Records for this exercise:
====

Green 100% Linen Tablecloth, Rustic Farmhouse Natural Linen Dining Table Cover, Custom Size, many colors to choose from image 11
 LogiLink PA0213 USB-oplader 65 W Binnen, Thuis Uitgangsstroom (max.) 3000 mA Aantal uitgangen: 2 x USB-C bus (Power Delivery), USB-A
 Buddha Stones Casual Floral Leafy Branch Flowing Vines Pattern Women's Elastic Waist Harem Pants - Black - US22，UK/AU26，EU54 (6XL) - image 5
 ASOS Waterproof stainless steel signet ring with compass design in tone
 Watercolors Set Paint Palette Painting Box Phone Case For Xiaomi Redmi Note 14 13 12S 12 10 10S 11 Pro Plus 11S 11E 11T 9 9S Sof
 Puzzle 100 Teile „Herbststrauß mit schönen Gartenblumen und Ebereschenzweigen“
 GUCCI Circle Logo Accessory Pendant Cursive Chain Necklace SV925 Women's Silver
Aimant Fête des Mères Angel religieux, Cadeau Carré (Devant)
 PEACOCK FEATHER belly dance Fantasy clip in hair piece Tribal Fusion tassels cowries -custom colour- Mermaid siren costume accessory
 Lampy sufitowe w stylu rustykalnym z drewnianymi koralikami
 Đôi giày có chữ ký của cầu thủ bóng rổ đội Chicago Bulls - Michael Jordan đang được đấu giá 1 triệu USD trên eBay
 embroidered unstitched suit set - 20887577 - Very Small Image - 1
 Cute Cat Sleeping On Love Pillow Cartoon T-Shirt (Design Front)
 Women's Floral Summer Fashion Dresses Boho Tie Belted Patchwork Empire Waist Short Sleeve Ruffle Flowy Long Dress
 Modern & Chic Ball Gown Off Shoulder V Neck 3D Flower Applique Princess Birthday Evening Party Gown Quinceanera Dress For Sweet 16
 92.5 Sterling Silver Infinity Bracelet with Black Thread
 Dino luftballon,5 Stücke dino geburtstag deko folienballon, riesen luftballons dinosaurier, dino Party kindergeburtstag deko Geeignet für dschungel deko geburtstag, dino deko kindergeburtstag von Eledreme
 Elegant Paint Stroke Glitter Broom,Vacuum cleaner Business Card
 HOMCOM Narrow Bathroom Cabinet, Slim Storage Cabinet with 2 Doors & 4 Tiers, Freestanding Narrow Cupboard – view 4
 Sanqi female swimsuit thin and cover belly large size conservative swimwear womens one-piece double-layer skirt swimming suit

====

Please write out only the lines from the one containing "embroidered unstitched suit" to the end of the records above, exactly, both ends included.

 embroidered unstitched suit set - 20887577 - Very Small Image - 1
 Cute Cat Sleeping On Love Pillow Cartoon T-Shirt (Design Front)
 Women's Floral Summer Fashion Dresses Boho Tie Belted Patchwork Empire Waist Short Sleeve Ruffle Flowy Long Dress
 Modern & Chic Ball Gown Off Shoulder V Neck 3D Flower Applique Princess Birthday Evening Party Gown Quinceanera Dress For Sweet 16
 92.5 Sterling Silver Infinity Bracelet with Black Thread
 Dino luftballon,5 Stücke dino geburtstag deko folienballon, riesen luftballons dinosaurier, dino Party kindergeburtstag deko Geeignet für dschungel deko geburtstag, dino deko kindergeburtstag von Eledreme
 Elegant Paint Stroke Glitter Broom,Vacuum cleaner Business Card
 HOMCOM Narrow Bathroom Cabinet, Slim Storage Cabinet with 2 Doors & 4 Tiers, Freestanding Narrow Cupboard – view 4
 Sanqi female swimsuit thin and cover belly large size conservative swimwear womens one-piece double-layer skirt swimming suit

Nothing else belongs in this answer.